Disinyalir kurangnya koordinasi menjadi permasalahan terbesar DPM U pada periode ini.
Oleh Alissa Nur Fathia
Dewan Permusyawaratan Mahasiswa Universitas (DPM U) merupakan lembaga tertinggi dalam struktur Keluarga Mahasiswa Universitas Islam Indonesia (KM UII). Bulan April lalu tepat setahun jalannya kepengurusan DPM U periode 2011/2012. Meskipun kepengurusan tersebut akan segera berakhir, namun masih tersisa permasalahan-permasalahan yang belum terselesaikan.
Di awal kepengurusan, DPM U berjanji mempertemukan Lembaga Khusus (LK) dan Himpunan Mahasiswa Islam (HMI). Pertemuan tersebut terkait dari aksi HMI yang melakukan penyebaran pamflet di acara Pesona Ta’aruf (Pesta). Padahal HMI sendiri adalah organisasi eksternal sehingga tidak seharusnya masuk dalam acara internal kampus seperti Pesta.
Ketua Marching Band UII (MB UII), Galih Cahya Purnama, mengiyakan bahwa pertemuan tersebut belum terealisasi hingga sekarang. “Belum sempat ada (pertemuan dengan HMI), dulu terpotong puasa. Katanya nanti setelah puasa. Setelah puasa kita tungguin, kok tetap tidak ada,” ujar Galih. Ditambahkan oleh Galih, alasan DPM U tidak kunjung mengadakan pertemuan karena pihak dari HMI sedang sibuk. Namun baginya, hal tersebut lebih dikarenakan ketidaktegasan petinggi DPM U terhadap anak buahnya. Akhirnya masalah tersebut dibiarkan berlalu begitu saja tanpa adanya penyelesaian yang jelas.
Menanggapi permasalahan di atas, Ketua DPM U, Herdika Oki Prasetya, mengaku telah mengusahakan berbagai cara untuk mempertemukan kedua belah pihak. Namun niat Herdika ternyata tidak mendapat dukungan dari jajaran di bawahnya. Anggota-anggota DPM U tidak ada usaha untuk menghubungi pihak HMI.
Persoalan jas almamater merupakan masalah berikutnya yang masih belum terselesaikan. Kinerja tim kerja jas almamater dinilai tidak jelas dan transparan. Seperti yang dituturkan oleh Wakil Ketua Mahasiswa Pecinta Alam Unisi (Mapala Unisi), Bobi S. Tarigan, baginya persoalan jas almamater tersebut merupakan persoalan yang paling tidak jelas di antara seluruh persoalan dalam tubuh DPM U. Yang paling utama adalah segi mekanisme kinerja tim jas, dimulai dari proses pemilihan tender hingga pendistribusian. “Tiba-tiba sudah ada pemenang satu dan ternyata pemenang tersebut tidak dapat memenuhi tenggat waktu,” ujar Bobi.

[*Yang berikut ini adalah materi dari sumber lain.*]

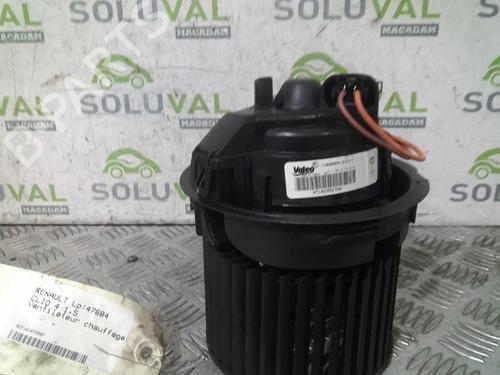 Heater blower motor RENAULT CLIO IV (BH_) 1.5 dCi 75 | BP25276194M62 
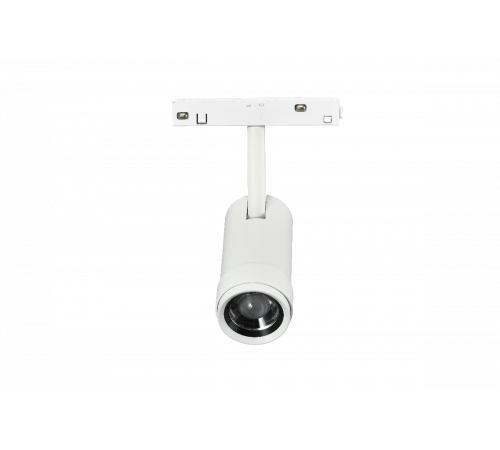 Трековый магнитный светильник iLedex Vision ZOOM 4822-020-D47-10W-10/60DG-4000K-WH Трековый магнитный светильник iLedex Vision ZOOM 4822-020-D47-10W-10/60DG-4000K-WH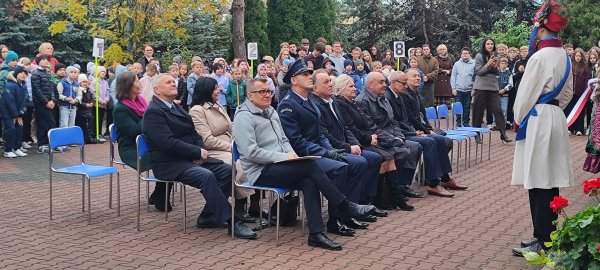 Odsłonięcie muralu Tadeusza Kościuszki — zdjęcie 10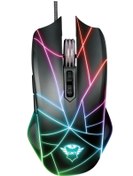 Resim Trust Ture 23797 Gxt 160x Usb 4200dpı Siyah Rgb Gamıng Mouse Trust Ture 23797 Gxt 160x Usb 4200dpı Siyah Rgb Gamıng Mouse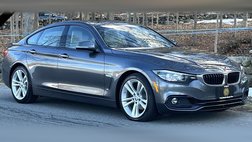 2018 BMW 4 Series 430i Gran Coupe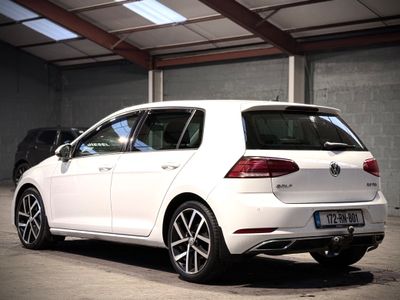2017 Volkswagen Golf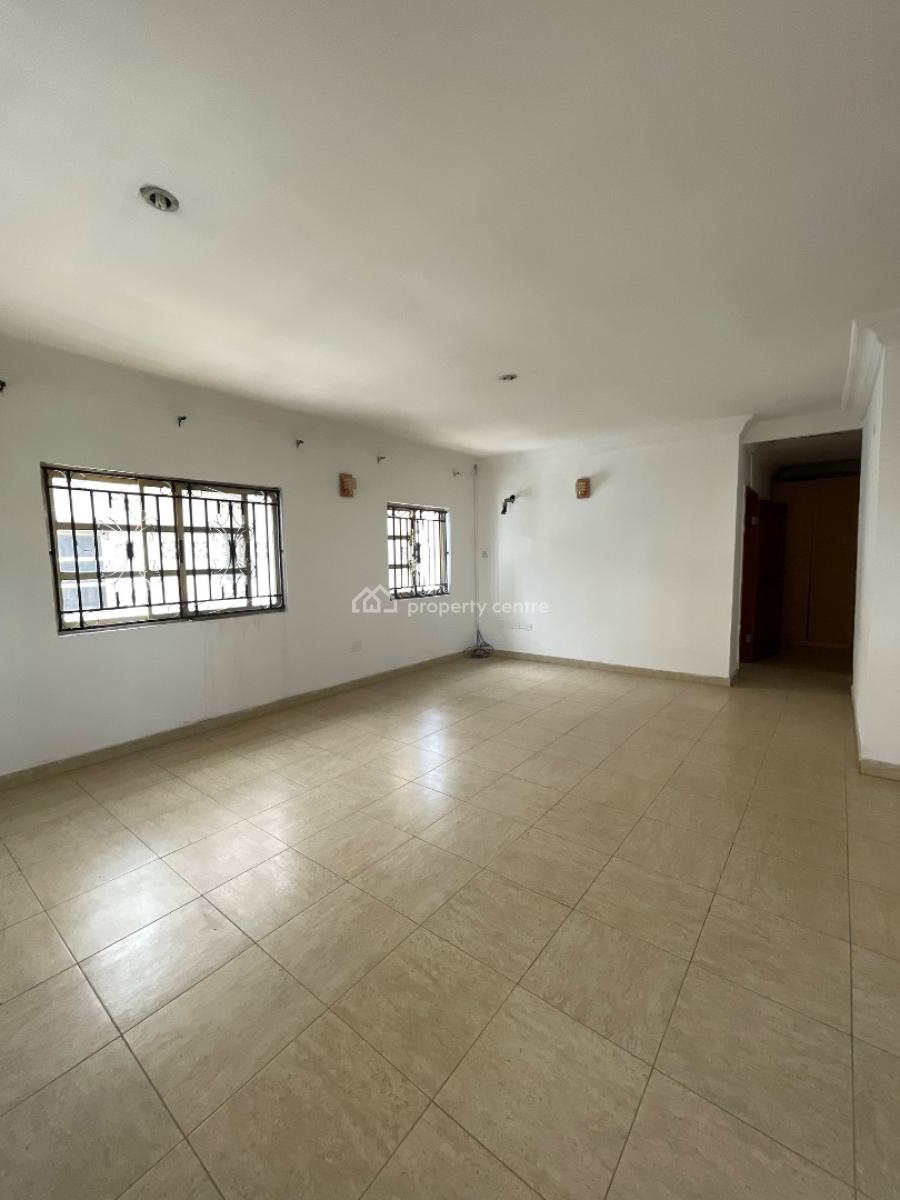5 Bedroom Semi Detached Duplex with a Bq, Parkview, Ikoyi, Lagos, Semi-detached Duplex for Rent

Ia pun mempertanyakan ketidakjelasan permasalahan yang dianggapnya lahan basah ini. Masih terkait persoalan jas almamater, Galih mengungkap ketidakjelasan kinerja tim jas telah terjadi sejak awal pembentukan. Menurutnya, pihak DPM U tidak memberitahukan kepada pihak LK terkait pemilihan anggota tim jas. “Harusnya dia, ibaratnya ditransfer dulu ke teman-teman yang lain. Mereka hearing ke kita. Seperti apa nantinya. Kalau ini kan, seperti diam-diam. Tiba-tiba sudah bentuk tim,” ungkap Galih.

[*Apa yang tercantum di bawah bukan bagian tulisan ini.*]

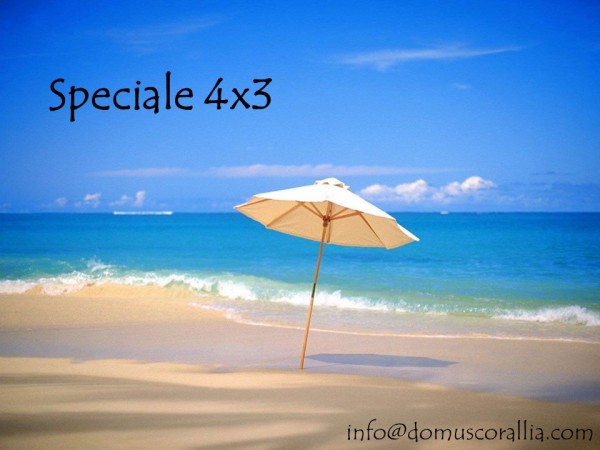 Special Offer - 4x3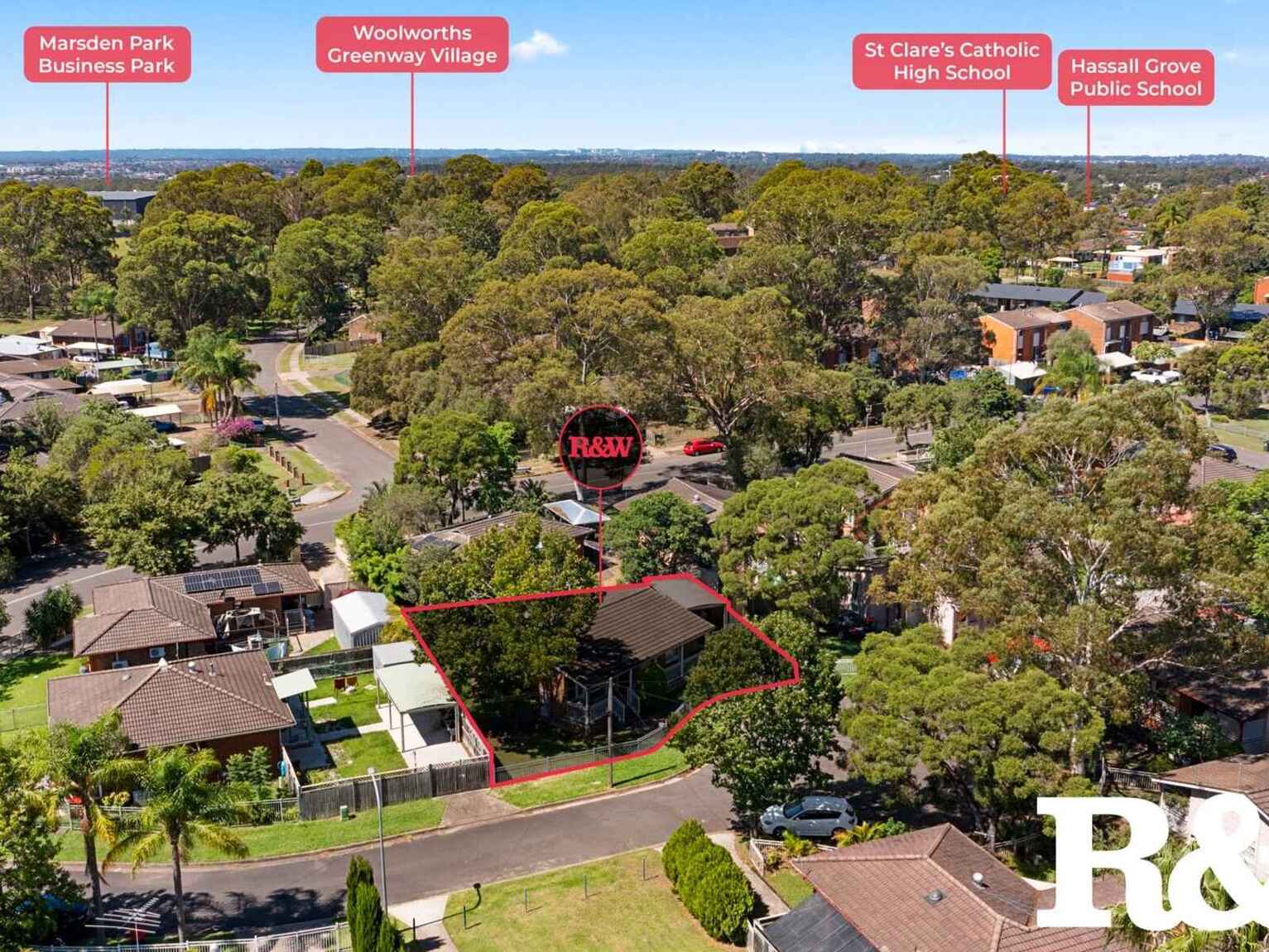 3 Goodia Way Bidwill 3 Goodia Way Bidwill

Buruknya koordinasi DPM U kepada LK tidak hanya terjadi pada persoalan HMI maupun tim jas almamater. Komunikasi secara langsung pun masih sulit dilakukan, MB sendiri pernah mengalami kesulitan tersebut. Bagi Galih, DPM U mempunyai kantor namun tidak berfungsi dengan baik karena tidak pernah ditempati. Bahkan bagi Bobi, kepengurusan DPM U pada periode ini tidak berbeda jauh dengan DPM U pada tiga periode terakhir, yakni masih berkutat pada masalah koordinasi. Bahkan koordinasi DPM U periode 2011/2012 sangat kurang dibanding pendahulunya.
Hal tersebut dinilai dari tidak diberitahu dan dilibatkannya LK dalam beberapa kegiatan, seperti jas dan Pesta. Koordinasi DPM U nyatanya tidak hanya buruk ke lembaga khusus. Safari DPM U kepada DPM Fakultas (DPM F) pun mengalami kegagalan dari yang telah diagendakan. Kegagalan tersebut bahkan diakui oleh Herdika Oki Prasetya, Ketua DPM U.

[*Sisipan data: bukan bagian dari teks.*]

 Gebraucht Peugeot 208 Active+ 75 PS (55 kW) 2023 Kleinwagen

Berkenaan dengan hal tersebut, Nurman Eka Pranata, Ketua Komisi II DPM F Teknik Sipil dan Perencanaan (DPM FTSP) mengungkapkan, “Koordinasi dengan semua fakultas lebih di-seringkan. Paling tidak ada temu-temu, tidak hanya pada saat ada kasus saja, lihat kinerja di bawah juga.” Nurman pun bercerita bahwa DPM U beberapa kali terlambat dalam memberikan dana triwulan kepada DPM FTSP. Padahal menurut Nurman dana triwulan seharusnya didapat setelah penyerahan LPJ ke Komisi III DPM U. Akibatnya, DPM FTSP mengalami keterlambatan penurunan dana ke lembaga yang berada di bawahnya, seperti Lembaga Eksekutif Mahasiswa (LEM) FTSP maupun Lembaga Pers Mahasiswa (LPM) FTSP. Menurut Nurman, keterlambatan ini akan menghambat keberlangsungan kegiatan kedua lembaga tersebut. Keterlambatan penurunan dana triwulan, tidak hanya terjadi antara DPM U dengan DPM FTSP, namun juga menimpa MB UII.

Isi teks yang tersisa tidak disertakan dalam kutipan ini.